DATA TO PROCESS Start Marker

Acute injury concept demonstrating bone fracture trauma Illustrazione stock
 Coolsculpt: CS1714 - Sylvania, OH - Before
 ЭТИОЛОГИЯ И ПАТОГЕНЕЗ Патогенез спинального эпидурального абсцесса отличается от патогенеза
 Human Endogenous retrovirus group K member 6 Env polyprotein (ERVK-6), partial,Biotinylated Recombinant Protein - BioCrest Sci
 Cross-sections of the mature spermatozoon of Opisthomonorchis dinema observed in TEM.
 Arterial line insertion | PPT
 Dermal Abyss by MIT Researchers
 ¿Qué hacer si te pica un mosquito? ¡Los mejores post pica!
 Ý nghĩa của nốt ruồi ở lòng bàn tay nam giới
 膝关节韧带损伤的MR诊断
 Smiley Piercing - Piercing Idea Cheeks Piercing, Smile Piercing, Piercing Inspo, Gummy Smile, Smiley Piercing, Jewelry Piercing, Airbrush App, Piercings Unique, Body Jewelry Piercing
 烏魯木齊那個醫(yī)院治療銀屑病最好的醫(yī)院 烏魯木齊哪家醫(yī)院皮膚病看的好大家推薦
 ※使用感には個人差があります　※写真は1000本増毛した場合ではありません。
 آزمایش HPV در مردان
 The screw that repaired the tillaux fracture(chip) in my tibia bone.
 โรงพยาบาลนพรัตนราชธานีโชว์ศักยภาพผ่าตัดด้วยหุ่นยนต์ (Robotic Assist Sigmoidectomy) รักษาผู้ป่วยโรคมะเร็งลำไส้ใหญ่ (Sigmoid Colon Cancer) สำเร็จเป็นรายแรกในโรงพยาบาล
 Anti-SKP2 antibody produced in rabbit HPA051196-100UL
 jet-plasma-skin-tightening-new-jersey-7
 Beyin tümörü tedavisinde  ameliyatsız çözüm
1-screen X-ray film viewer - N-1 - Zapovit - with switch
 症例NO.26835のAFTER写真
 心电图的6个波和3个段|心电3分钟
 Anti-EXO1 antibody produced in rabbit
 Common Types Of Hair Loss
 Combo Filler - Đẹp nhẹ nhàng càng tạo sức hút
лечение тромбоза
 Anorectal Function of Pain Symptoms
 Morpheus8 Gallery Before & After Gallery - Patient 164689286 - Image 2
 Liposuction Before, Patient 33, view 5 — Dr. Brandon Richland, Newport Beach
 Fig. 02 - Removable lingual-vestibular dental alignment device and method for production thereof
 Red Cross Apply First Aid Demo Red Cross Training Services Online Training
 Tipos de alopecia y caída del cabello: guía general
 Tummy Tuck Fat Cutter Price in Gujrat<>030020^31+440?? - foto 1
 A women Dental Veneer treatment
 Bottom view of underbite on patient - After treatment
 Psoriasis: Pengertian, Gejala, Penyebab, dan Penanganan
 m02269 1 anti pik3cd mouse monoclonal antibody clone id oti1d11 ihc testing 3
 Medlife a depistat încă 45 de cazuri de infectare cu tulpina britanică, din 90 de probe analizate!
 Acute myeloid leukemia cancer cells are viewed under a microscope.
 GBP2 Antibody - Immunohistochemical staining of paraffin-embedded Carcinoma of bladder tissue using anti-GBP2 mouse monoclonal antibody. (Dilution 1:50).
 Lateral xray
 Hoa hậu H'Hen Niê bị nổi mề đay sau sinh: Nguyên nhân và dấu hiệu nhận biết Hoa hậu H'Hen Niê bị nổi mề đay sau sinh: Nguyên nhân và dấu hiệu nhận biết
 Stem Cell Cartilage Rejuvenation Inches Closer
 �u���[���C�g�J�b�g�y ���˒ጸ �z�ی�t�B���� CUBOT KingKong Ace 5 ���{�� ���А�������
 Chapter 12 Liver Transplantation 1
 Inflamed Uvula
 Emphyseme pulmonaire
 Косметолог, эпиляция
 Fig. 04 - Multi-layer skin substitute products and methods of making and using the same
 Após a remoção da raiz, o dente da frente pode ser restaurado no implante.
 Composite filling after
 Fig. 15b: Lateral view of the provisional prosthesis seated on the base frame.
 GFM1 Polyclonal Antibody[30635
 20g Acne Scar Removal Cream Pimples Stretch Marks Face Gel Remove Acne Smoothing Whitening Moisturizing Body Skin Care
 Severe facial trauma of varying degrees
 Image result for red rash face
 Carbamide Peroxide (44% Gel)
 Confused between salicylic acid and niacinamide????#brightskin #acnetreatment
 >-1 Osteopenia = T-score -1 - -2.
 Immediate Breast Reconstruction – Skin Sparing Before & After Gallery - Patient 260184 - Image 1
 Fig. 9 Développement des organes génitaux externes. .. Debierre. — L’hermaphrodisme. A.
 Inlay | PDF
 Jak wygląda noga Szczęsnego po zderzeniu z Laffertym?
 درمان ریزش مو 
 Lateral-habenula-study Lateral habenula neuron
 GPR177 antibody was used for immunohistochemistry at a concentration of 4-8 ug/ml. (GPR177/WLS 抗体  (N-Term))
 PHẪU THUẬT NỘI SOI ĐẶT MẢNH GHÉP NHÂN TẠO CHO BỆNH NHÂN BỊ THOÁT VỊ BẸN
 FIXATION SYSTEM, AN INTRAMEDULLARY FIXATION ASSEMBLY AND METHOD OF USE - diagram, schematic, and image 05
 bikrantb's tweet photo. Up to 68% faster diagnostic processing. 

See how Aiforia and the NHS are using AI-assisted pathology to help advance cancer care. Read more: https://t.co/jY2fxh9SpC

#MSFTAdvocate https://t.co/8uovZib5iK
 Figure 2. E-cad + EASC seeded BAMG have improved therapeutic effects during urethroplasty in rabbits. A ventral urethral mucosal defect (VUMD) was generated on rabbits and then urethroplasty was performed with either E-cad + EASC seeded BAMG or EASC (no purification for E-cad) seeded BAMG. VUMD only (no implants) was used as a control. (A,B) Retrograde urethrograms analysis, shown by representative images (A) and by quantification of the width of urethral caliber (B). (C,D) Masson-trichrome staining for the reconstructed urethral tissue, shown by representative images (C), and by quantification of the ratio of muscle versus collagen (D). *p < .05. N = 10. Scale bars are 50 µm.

DATA TO PROCESS End Marker

PROBLEM –
Look above for the line holding "Liposuction Before, Patient", then set down exactly that line and every line after it up to and including the line holding "Косметолог, эпиляция", with nothing else.

RESULT FOR THIS TASK –
 Liposuction Before, Patient 33, view 5 — Dr. Brandon Richland, Newport Beach
 Fig. 02 - Removable lingual-vestibular dental alignment device and method for production thereof
 Red Cross Apply First Aid Demo Red Cross Training Services Online Training
 Tipos de alopecia y caída del cabello: guía general
 Tummy Tuck Fat Cutter Price in Gujrat<>030020^31+440?? - foto 1
 A women Dental Veneer treatment
 Bottom view of underbite on patient - After treatment
 Psoriasis: Pengertian, Gejala, Penyebab, dan Penanganan
 m02269 1 anti pik3cd mouse monoclonal antibody clone id oti1d11 ihc testing 3
 Medlife a depistat încă 45 de cazuri de infectare cu tulpina britanică, din 90 de probe analizate!
 Acute myeloid leukemia cancer cells are viewed under a microscope.
 GBP2 Antibody - Immunohistochemical staining of paraffin-embedded Carcinoma of bladder tissue using anti-GBP2 mouse monoclonal antibody. (Dilution 1:50).
 Lateral xray
 Hoa hậu H'Hen Niê bị nổi mề đay sau sinh: Nguyên nhân và dấu hiệu nhận biết Hoa hậu H'Hen Niê bị nổi mề đay sau sinh: Nguyên nhân và dấu hiệu nhận biết
 Stem Cell Cartilage Rejuvenation Inches Closer
 �u���[���C�g�J�b�g�y ���˒ጸ �z�ی�t�B���� CUBOT KingKong Ace 5 ���{�� ���А�������
 Chapter 12 Liver Transplantation 1
 Inflamed Uvula
 Emphyseme pulmonaire
 Косметолог, эпиляция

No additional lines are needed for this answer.